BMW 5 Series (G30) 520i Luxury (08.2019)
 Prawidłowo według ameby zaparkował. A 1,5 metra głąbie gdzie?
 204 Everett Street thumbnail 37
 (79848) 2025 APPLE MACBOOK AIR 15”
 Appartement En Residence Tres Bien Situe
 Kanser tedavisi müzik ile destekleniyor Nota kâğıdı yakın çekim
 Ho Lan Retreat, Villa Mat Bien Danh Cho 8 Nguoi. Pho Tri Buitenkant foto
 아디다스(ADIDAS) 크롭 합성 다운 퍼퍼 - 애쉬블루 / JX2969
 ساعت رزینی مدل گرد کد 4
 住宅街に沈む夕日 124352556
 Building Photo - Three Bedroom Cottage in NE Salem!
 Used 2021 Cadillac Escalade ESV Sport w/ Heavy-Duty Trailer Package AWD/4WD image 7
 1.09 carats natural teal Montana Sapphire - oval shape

» **What the task asks**
Only the lines from the one containing "(79848) 2025 APPLE" to the end of the data should be printed, exactly as they stand.

» **Written response**
 (79848) 2025 APPLE MACBOOK AIR 15”
 Appartement En Residence Tres Bien Situe
 Kanser tedavisi müzik ile destekleniyor Nota kâğıdı yakın çekim
 Ho Lan Retreat, Villa Mat Bien Danh Cho 8 Nguoi. Pho Tri Buitenkant foto
 아디다스(ADIDAS) 크롭 합성 다운 퍼퍼 - 애쉬블루 / JX2969
 ساعت رزینی مدل گرد کد 4
 住宅街に沈む夕日 124352556
 Building Photo - Three Bedroom Cottage in NE Salem!
 Used 2021 Cadillac Escalade ESV Sport w/ Heavy-Duty Trailer Package AWD/4WD image 7
 1.09 carats natural teal Montana Sapphire - oval shape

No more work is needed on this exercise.